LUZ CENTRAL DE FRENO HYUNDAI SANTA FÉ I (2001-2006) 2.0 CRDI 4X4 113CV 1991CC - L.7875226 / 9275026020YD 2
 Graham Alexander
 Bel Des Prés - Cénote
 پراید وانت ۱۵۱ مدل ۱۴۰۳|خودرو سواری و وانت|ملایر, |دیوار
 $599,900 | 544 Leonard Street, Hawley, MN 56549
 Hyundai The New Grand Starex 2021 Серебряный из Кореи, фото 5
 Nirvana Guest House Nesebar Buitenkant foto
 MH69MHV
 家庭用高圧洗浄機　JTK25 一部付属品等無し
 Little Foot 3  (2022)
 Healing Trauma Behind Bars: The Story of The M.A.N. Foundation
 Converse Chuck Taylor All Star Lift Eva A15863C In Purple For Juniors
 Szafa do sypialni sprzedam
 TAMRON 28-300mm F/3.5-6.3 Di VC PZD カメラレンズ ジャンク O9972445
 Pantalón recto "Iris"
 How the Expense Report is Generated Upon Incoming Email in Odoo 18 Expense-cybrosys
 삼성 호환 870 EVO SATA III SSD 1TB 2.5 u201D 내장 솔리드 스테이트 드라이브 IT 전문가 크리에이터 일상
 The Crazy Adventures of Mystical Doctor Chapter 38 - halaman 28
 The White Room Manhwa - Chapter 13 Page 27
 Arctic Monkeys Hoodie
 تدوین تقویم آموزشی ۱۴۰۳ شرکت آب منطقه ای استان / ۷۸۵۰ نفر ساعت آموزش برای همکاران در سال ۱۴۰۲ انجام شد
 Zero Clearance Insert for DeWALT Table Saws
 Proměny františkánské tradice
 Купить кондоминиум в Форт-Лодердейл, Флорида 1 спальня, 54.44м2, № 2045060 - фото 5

#### [Problem requirements]
Scan the preceding listing for the string "фото" and copy every line where it occurs.

#### [Output for this exercise]
 Hyundai The New Grand Starex 2021 Серебряный из Кореи, фото 5
 Купить кондоминиум в Форт-Лодердейл, Флорида 1 спальня, 54.44м2, № 2045060 - фото 5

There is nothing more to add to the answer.